Get a Hobby
When the Boston Conservatory at Berklee asked me to give the commencement speech to its 2019 graduating class, my answer was an enthusiastic “Yes!” How could I respond in any other way when presented with the opportunity to receive an honorary doctorate from this highly revered music college? This was my second honorary degree, as my first was from Ball State University, where I am on the theater faculty, which is wild to me, considering I dropped out of Carnegie Mellon after my freshman year. As I sat down to prepare my speech, I thought about what I wished someone had told me when I was the same age as these bright-eyed, hugely talented, and hopeful graduates. What were the principles I turned to again and again when life felt challenging? It didn’t take me long to figure out what to say. I boiled it down to three pieces of advice:
To any exciting opportunity! However terrifying or beyond your comfort zone. Say yes to life.
Even if others don’t agree. In the end, no matter what happens or how it all turns out, it will have been your choice. Own your choices, because even if you fail, your gut will get smarter. But if you follow someone else’s gut and you fail, all you learn is…to trust your own gut.
Or two or three! Find a creative outlet. Something that doesn’t require someone to give you permission to do it. Pick something that has nothing to do with what you do for a living. And pick something that brings you joy.
This last piece of advice is perhaps the most important, for me at least.
Most people know me as an actress, either as Liza, the forty-year-old divorcée passing as a millennial to get a publishing job on Younger, or perhaps as Reno, the tap-dancing evangelist-turned-nightclub-chanteuse in Anything Goes. Some know me as a singer and may have even come to my cabaret show at the Café Carlyle. But anyone who knows me well knows that I am as passionate about crafting as I am about singing, dancing, and acting. Ultimately, I see myself as a maker, and crafting is the art of making things—it can be crochet, cross-stitch, drawing, cooking, collaging, or even gardening. It can also be creating a musical, or an evening of song, or a book. What matters most is that there is something tangible at the end of the process. Plus, the very act of making these things is what keeps me centered.
Anxiety runs in my family—in me. I am the daughter of an agoraphobic mother. I make a living as a performer. It’s complicated. And yet, if I am feeling anxious or overwhelmed, I crochet, or collage, or cross-stitch. These hobbies have literally preserved my sanity through some of the darkest periods of my life. So when I thought about writing a book, it seemed like a no-brainer that crafts would play a major role. Each beautiful thing I have made over the years tells the story of who I was when I made it. (Mostly blankets! Dozens of blankets!) My crafts have helped hold me together and given me a place to pour all of my love or sadness into.

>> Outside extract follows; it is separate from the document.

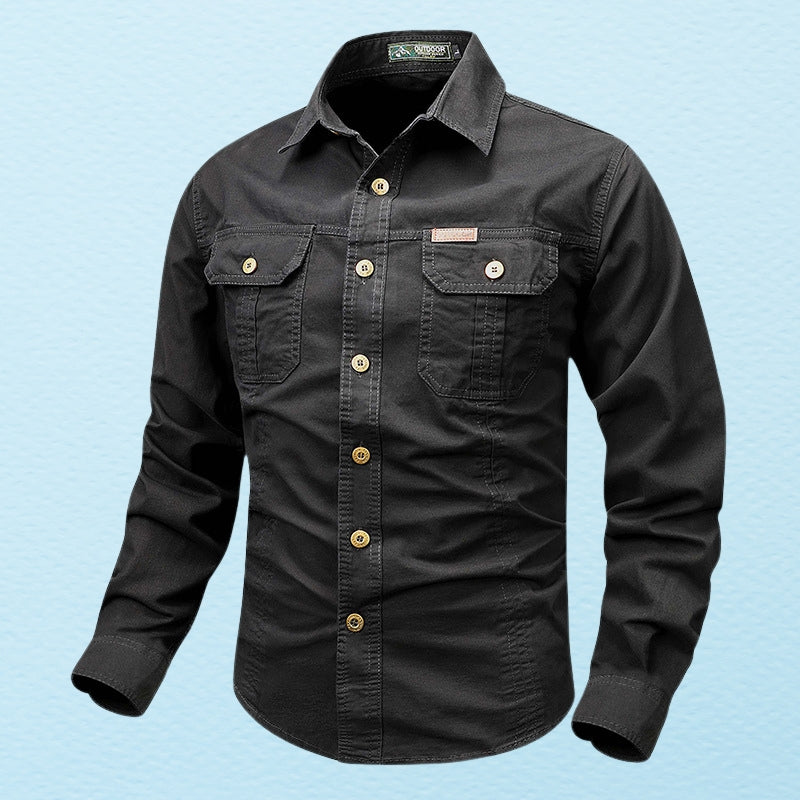 Camisa Con Cierre De Botones Y Bolsillos En El Pecho Para Hombres | Ideal Para Uso Diario Y Profesional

You’ll see in this book that when I talk about crafts, I mean a wide range of things, but I do have a favorite. I first got hooked (get it?) on crochet when I was on a national tour with Grease, playing Sandy Dumbrowski. I was nineteen years old and had lost my voice, so I was on a forced two-week vocal rest. I went to stay with my parents, who were living in Memphis, Tennessee, at the time, and since I couldn’t speak, I wanted a project to help me pass the time. I went to a craft store, likely Michaels or Jo-Ann Fabrics, which are now two of my favorite places on the planet, and bought a book called How to Crochet. It was New Year’s Eve 1994, and I wrote the following entry in my journal: “On this 1st day of 1995, I taught myself how to crochet. I think it’s neat. I want to make people things.”
Since then, some of my proudest achievements are things I’ve created with my hands—whether it be the penguin baby blanket I made when my daughter Emily was born or the toilet-paper-roll cover I crocheted for Hilary Duff’s wedding present—because what else do you get Hilary Duff but a handmade albino octopus toilet-paper-roll cover (with rainbow button suckers on its cream tentacles)?

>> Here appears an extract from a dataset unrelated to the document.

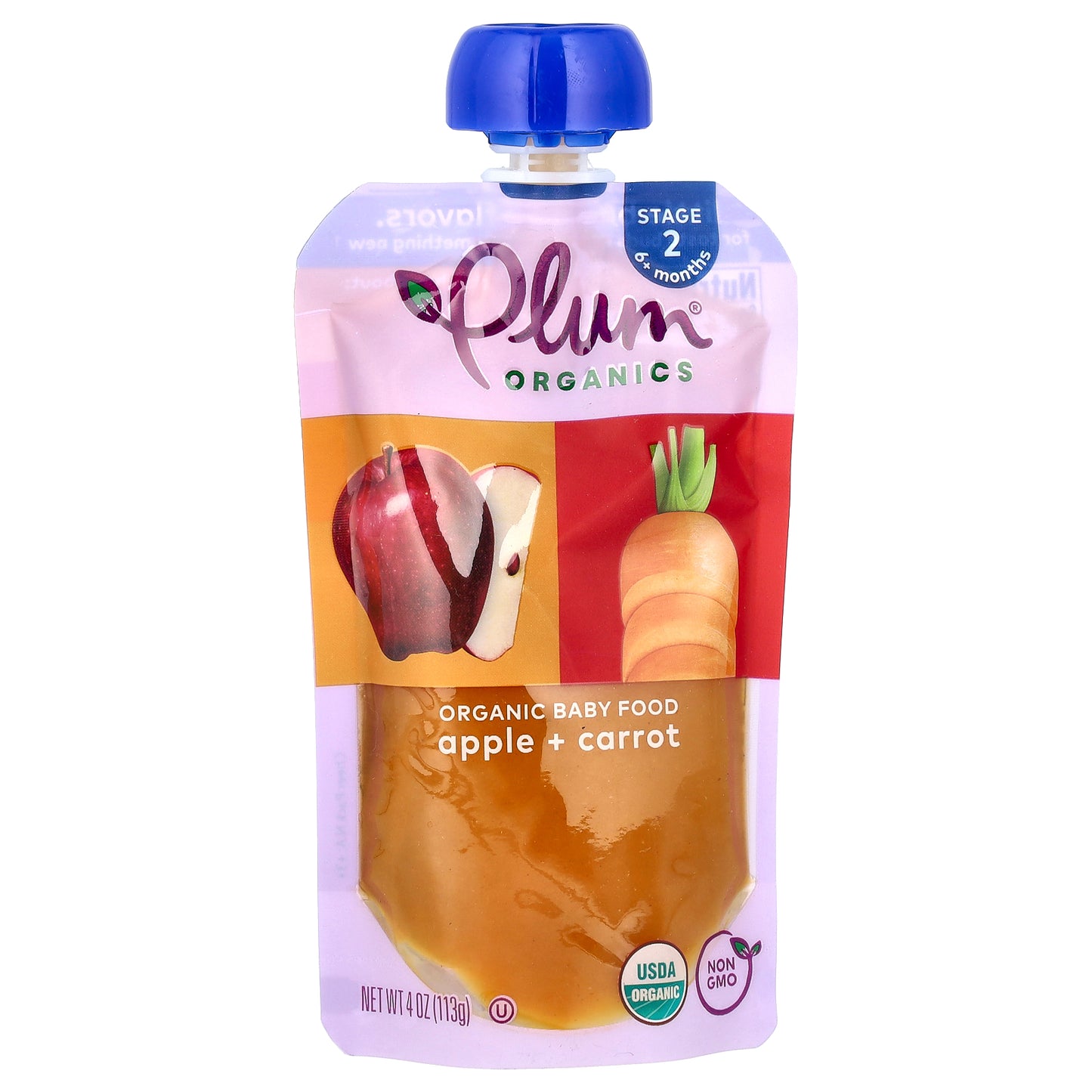 Plum Organics, Organic Baby Food, 6+ Months, Apple + Carrot, 4 oz (113 g)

Most recently, I decided to cross-stitch a Christmas stocking for Emily, similar to one my mother stitched for me when I was a child. My mom and I had a complicated relationship. And while I cannot find that stocking, I still have the Strawberry Shortcake bookmark she made me when I was eight years old. That was during the peak of my obsession with the red-haired cartoon character. I had coloring books, figurines, and even a garbage pail, all store-bought. I find it so moving that my mother took the time to meticulously stitch that sweet girl in her poufy pink bonnet and white frilly apron into existence. She added my first and last name in red thread and a row of hearts in pink and green, then finished the piece with a calico border. I don’t recall my mother saying “I love you” often. But I do know that she poured her love for me into that bookmark. I tell my daughter I love her every day. But, following my mom’s example, I also make things for her as tangible proof of that love.

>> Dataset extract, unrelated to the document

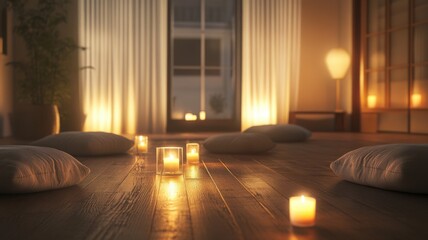 Tranquil meditation space with candles and cushions creating a calm atmosphere.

Similar to the list of roles I’ve played on TV or Broadway, I have a hobby résumé. For every production I was in or concert I have sung, there is a collage or stuffed animal that tells the behind-the-scenes backstory of my life. On set, I was making out with Peter Hermann, one of my love interests in Younger. In my dressing room, I was crocheting a pink dinosaur for Emily. Every piece I describe within these pages means so much more than the yarn or marker with which it was made. Each is a time capsule and heirloom, spanning my past, present, and future, and together they tell a fuller, more complex and colorful story of who I am and how I want to be remembered.
This is not your traditional memoir. I wanted to root my stories in the things I have made over the years, so the result is an overlapping, not unlike my most recent crafting feat: mosaic crochet. For this, you use two different colors of yarn at a time, switching back and forth often, working into previous rows. It is never straight across—you have to double back to make intricate patterns. The result is layered, colorful, and complex.
I wrote this book for my mother and my daughter. The first so I might better understand her; the second so she might better understand me.